Record set —
☆ ☆ ☆ ☆

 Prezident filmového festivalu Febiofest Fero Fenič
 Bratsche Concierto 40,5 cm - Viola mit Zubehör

☆ ☆ ☆ ☆

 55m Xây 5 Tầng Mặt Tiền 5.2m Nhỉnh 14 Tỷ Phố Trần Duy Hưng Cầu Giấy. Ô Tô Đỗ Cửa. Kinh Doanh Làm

☆ ☆ ☆ ☆

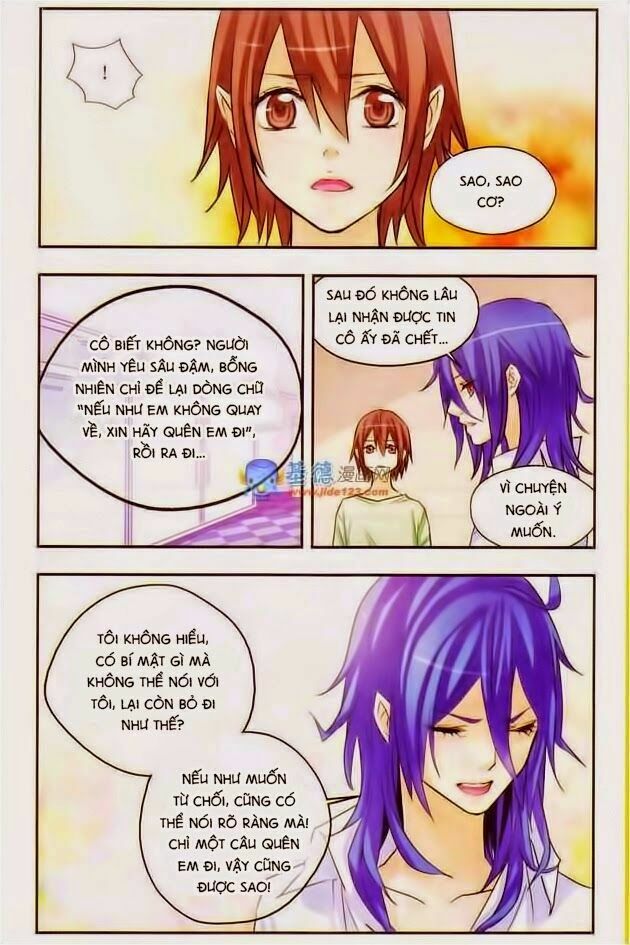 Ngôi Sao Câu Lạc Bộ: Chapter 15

☆ ☆ ☆ ☆

Exercise brief —
Starting at the line that has "Prezident filmového festivalu" in the records above, restate word for word every line until the one that has "Bratsche Concierto 40,5", and include that one as well.

Answer section —
 Prezident filmového festivalu Febiofest Fero Fenič
 Bratsche Concierto 40,5 cm - Viola mit Zubehör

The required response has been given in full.